Uno scenario simile è presente anche nella Repubblica Centrafricana come denuncia il report HRW. 5 anni di conflitto, 2 gruppi armati principali: i Seleka, di matrice musulmana, e gli Anti-balaka di stampo cristiano-animista.

Le interviste a 296 sopravvissute raccontano casi di stupro e di schiavitù sessuale a danno di ragazze e donne, di età compresa tra i 10 e i 75 anni, che abitano nella capitale Bangui e in altre città come Alindao, Bambari, Boda, Mbrès.
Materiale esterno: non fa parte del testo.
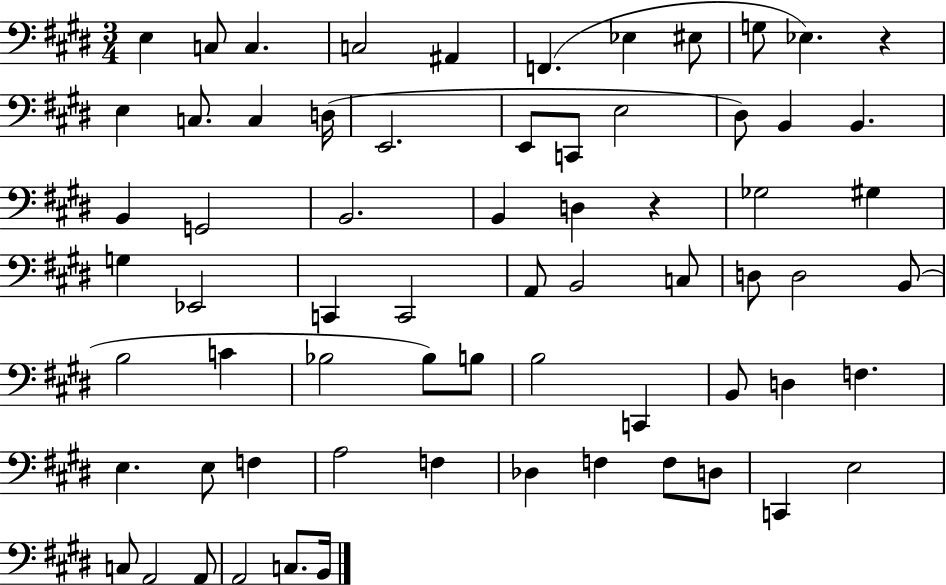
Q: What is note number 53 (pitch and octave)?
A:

Solitamente le vittime sono catturate mentre vanno a scuola o al mercato oppure nei campi dove lavorano.

Ma le violenze si consumano anche in casa, davanti ai mariti e ai figli, costretti a vedere il macabro spettacolo e torturati, mutilati, se non violentati a loro volta. I casi di stupro documentati dall’organizzazione sono 305 ma si tratta ovviamente di un numero indicativo e di una ricerca mirata: l’Onu, ad esempio, denunciò 2.500 casi di violenza sessuale in RCA solo nell’anno 2014.

Delle 296 intervistate solo 145 hanno ricevuto cure mediche adeguate: mancanza di ospedali, costi, paure di stigmatizzazione alla base di tale abbandono. Solo 66 hanno ricevuto un supporto psicologico. Tutte le altre affrontano da sole – perché spesso abbandonate dalla famiglia per la vergogna – gravidanze non desiderate, depressione, DPTS, HIV. I responsabili girano liberi per le città tra deboli istituzioni, pochi tribunali e polizia assente. Eppure si tratta di crimini di guerra e di crimini contro l’umanità diffusi e sistematici come condannati nell’art. 7 dello statuto di Roma della Corte Penale Internazionale.

In Ruanda e in ex-Jugoslavia, il Tribunale penale internazionale per il Ruanda (ICTR) e il rispettivo per i Balcani condannarono le violenze sessuali commesse in quei luoghi come crimine di guerra. La Corte penale speciale di Bangui quando emetterà una simile sentenza? E la Corte Penale Internazionale quando si spingerà oltre le indagini in corso?